▸ **Data shown**:
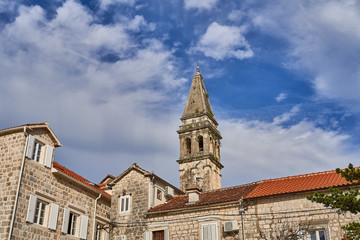 Fototapeta na wymiar bell tower of the church against the sky in the city of Perast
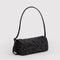 side view of charcoal nylon loaf bag with black ditsy floral print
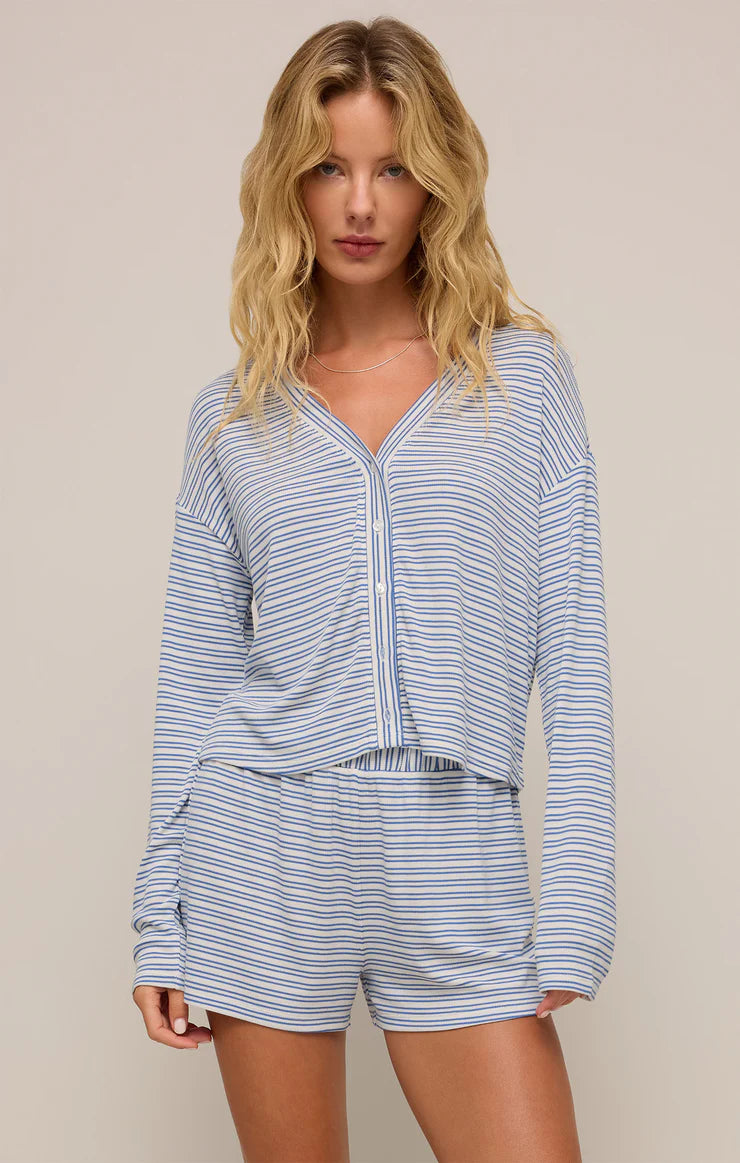 Model wearing the Mara Stripe Modal Cardigan Set, featuring a relaxed-fit button-up top and matching high-waisted shorts in soft blue and white stripes.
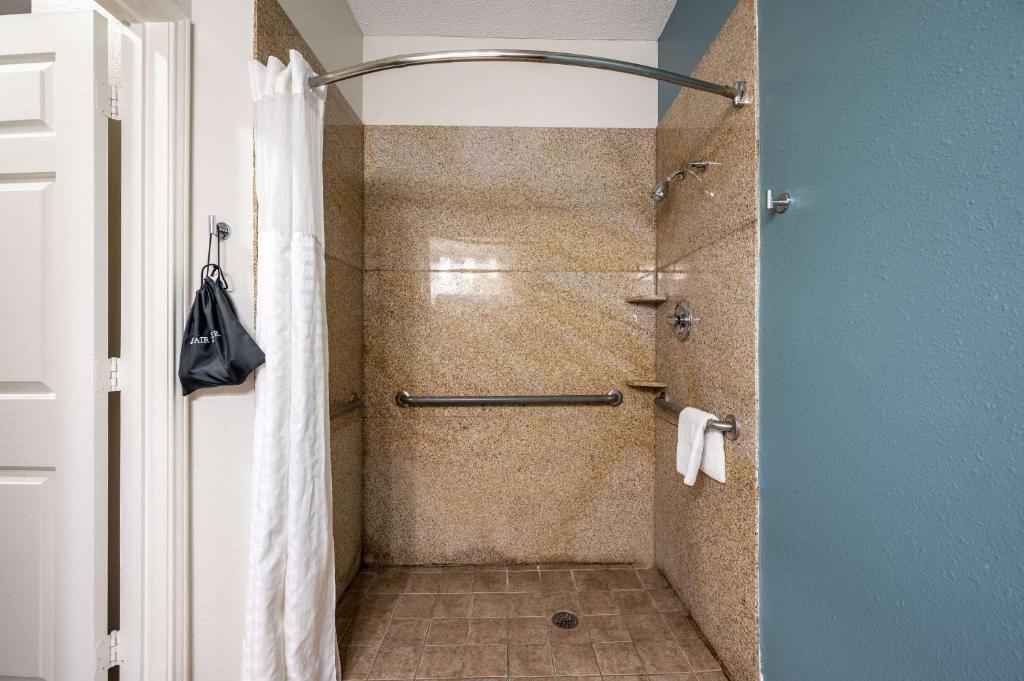a bathroom with a shower with a glass door at Sleep Inn & Suites in Birmingham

▸ **Exercise**: Where pictures occur in the material above, omit them and return everything else exactly.

▸ **Task response**:
 Fototapeta na wymiar bell tower of the church against the sky in the city of Perast
 side view of charcoal nylon loaf bag with black ditsy floral print
 Model wearing the Mara Stripe Modal Cardigan Set, featuring a relaxed-fit button-up top and matching high-waisted shorts in soft blue and white stripes.
a bathroom with a shower with a glass door at Sleep Inn & Suites in Birmingham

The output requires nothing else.